*Task brief*: Repeat all the lines below exactly, but omit the pictures.
** Source data follows **
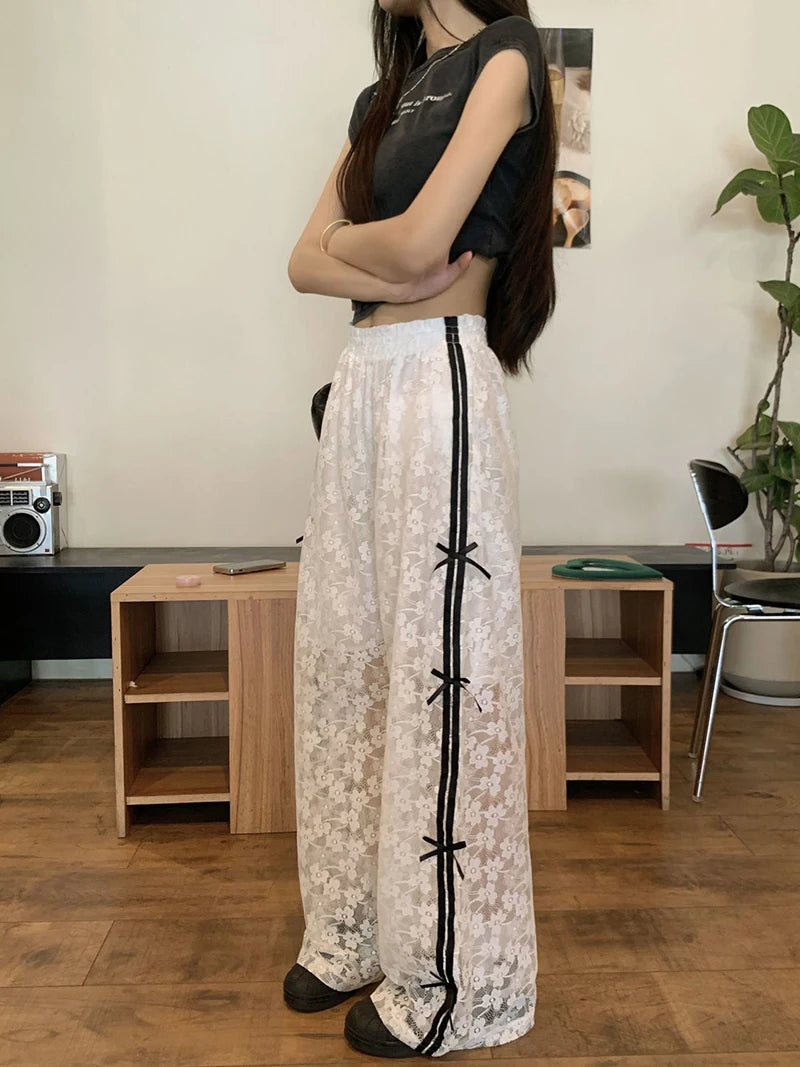 Person wearing a black top and white lace pants with black ribbons in a room.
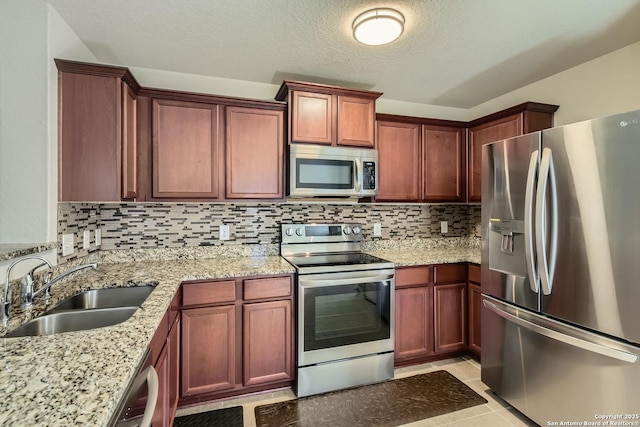 kitchen featuring tasteful backsplash, sink, light tile patterned flooring, and stainless steel appliances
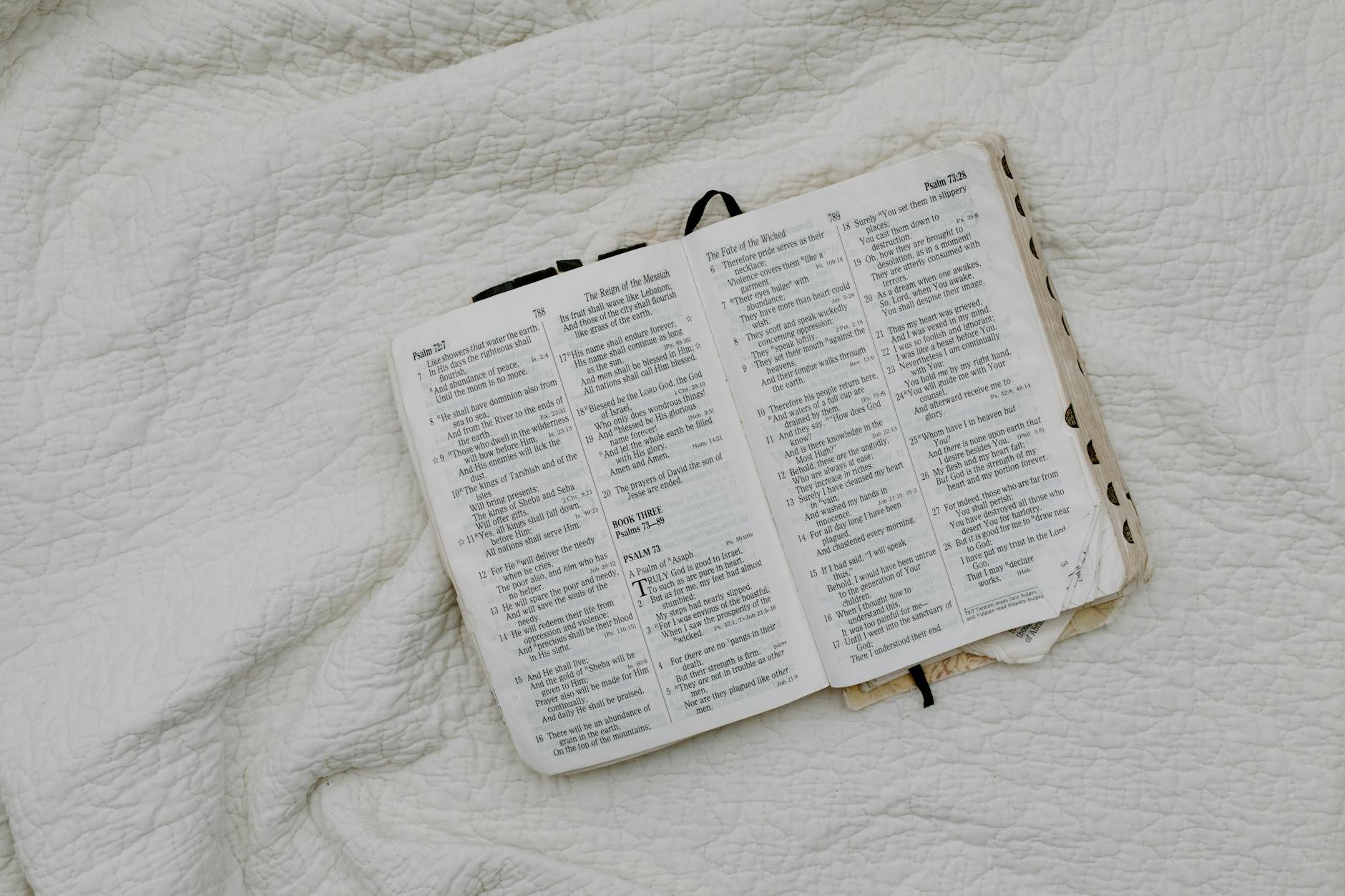 An overhead shot of an open Bible resting on a soft quilt, evoking a peaceful and contemplative atmosphere.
** End of Source data **
*Task result*:
 Person wearing a black top and white lace pants with black ribbons in a room.
 kitchen featuring tasteful backsplash, sink, light tile patterned flooring, and stainless steel appliances
 An overhead shot of an open Bible resting on a soft quilt, evoking a peaceful and contemplative atmosphere.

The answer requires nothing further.